The particular style of the C union does not survive to other languages, although Pascal and Ada both have (different) equivalent facilities. Object orientation techniques rather render the idea obsolete. In any case the nature of the code of an emulator is such that the concept is likely to be of little value.
In some respects unions have their origin in FORTRAN's
EQUIVALENCE statement, that was a notorious cause of portability
problems in the past.
Many typical C programs are filled with address arithmetic. In part this is historic, because the array facilities of C were not there in the earliest versions of the language.

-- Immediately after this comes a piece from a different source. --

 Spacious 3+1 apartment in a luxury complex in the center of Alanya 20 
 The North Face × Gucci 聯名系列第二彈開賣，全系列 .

Also, address arithmetic code often compiles to faster code than the equivalent algorithm written using array subscripting. C-- should force the use of array subscripting (as does Java).
Perhaps we should be stronger, and explicitly list those library routines that are allowed as part of C--.
The condition in if-, while-statements, etc. must be boolean, or perhaps a relational expression. C's use of an integer does not carry forward into other languages. Forcing a relational expression, would give correct code that delivered a boolean test when translated into other languages.
The result of an assignment must be voided. This is perhaps more contentious. The facility does carry forward into Java, but is absent from Pascal and many other languages. Its use can make code more difficult to read.
There are some classic library routines that are variadic
(e.g. printf)
but the facility does not carry forward to many other languages.